Mr. Hamilton continued “MetaStat plans to build on these positive data and evaluate MetaSite Breast™ in additional studies to demonstrate that it can add complementary prognostic information to multiparameter gene panel assays. Expanding our clinical state licenses is an exciting step forward.”
CMS regulates all clinical laboratory testing at over 254,000 sites in U.S. through the Clinical Laboratory Improvement Amendments (CLIA) of 1988. This regulation was enacted to ensure consistent, accurate and reliable test results reporting from clinical laboratories across the country used for the diagnosis, treatment, and/or prognosis of disease in human subjects.
About MetaSite Breast™
The MetaSite Breast™ test is intended for use in patients with early stage invasive breast cancer who have node-negative or node-positive, Hormone Receptor (HR)-positive, HER2-negative disease. Clinical studies have demonstrated the MetaSite score (MS) is significantly associated with increased risk of cancer metastasis. MetaSite Breast™ is an analytically validated, fully automated digital pathology/image analysis assay that identifies Mena expressing tumor cells in direct contact with CD68+ perivascular macrophages and CD31+ endothelial cells (“MetaSites”). MetaSites have been shown to be the portal of entry for cancer cells into the blood stream contributing to the development of cancer metastasis. The MetaSite Breast™ assay is performed on standard formalin-fixed paraffin-embedded (FFPE) tissue and is clinically available through our CLIA-certified commercial laboratory located in Boston, MA.
About MetaStat, Inc.
MetaStat is focused on the development and commercialization of diagnostic tests that are prognostic for the risk of cancer metastasis, companion diagnostics to predict drug response, and anti-metastatic drugs. Our driver-based platform technology is based on the pivotal role of the Mena protein and its isoforms, a common pathway for the development of metastatic disease and drug resistance in epithelial-based solid tumors.
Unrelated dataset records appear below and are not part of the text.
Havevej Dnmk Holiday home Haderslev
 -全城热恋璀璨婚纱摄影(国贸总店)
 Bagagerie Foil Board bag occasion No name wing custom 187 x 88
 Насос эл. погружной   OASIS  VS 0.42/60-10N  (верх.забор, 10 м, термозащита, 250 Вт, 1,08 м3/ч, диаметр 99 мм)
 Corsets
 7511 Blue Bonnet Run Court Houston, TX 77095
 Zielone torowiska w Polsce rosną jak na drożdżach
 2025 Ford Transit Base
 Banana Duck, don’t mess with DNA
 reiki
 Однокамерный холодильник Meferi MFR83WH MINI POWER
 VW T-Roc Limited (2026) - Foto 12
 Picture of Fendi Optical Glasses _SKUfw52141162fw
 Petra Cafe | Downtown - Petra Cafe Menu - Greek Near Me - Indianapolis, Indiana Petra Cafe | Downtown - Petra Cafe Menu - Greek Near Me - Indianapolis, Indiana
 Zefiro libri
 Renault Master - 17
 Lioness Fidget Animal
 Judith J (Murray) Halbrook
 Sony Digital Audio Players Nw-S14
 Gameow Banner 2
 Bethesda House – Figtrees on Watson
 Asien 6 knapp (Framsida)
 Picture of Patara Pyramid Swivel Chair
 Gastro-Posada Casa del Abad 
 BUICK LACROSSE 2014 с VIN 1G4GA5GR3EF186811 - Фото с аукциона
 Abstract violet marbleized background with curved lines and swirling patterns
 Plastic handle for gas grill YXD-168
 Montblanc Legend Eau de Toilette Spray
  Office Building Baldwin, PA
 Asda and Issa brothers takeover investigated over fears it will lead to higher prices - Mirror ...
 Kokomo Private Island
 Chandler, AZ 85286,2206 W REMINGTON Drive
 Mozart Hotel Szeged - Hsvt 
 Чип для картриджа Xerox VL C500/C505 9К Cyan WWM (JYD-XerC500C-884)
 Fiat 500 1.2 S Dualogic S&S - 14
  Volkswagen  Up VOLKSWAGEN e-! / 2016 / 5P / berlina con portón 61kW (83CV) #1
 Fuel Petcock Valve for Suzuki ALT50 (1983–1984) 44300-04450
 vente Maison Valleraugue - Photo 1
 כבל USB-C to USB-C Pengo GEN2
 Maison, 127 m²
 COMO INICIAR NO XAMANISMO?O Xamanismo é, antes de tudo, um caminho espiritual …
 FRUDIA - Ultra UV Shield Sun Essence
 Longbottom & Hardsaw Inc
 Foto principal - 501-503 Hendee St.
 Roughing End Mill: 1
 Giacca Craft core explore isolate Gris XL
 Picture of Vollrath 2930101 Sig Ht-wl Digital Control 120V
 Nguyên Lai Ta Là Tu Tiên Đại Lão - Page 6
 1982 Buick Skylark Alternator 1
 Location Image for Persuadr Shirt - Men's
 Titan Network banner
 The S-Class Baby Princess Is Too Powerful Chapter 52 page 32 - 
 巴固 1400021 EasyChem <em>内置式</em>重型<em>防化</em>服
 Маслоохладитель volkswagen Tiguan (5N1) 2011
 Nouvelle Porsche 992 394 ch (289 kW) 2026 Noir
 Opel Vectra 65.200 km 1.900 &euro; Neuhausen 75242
This press release contains "forward-looking statements" within the meaning of Section 27A of the Securities Act of 1933, as amended, and Section 21E of the Securities Exchange Act of 1934, as amended, and such forward-looking statements are made pursuant to the safe harbor provisions of the Private Securities Litigation Reform Act of 1995. You are cautioned that such statements are subject to a multitude of risks and uncertainties that could cause future circumstances, events or results to differ materially from those projected in the forward-looking statements as a result of various factors and other risks, including those set forth in the company's Form 10-K filed with the Securities and Exchange Commission. You should consider these factors in evaluating the forward-looking statements included herein, and not place undue reliance on such statements. The forward-looking statements in this release are made as of the date hereof and the company undertakes no obligation to update such statements.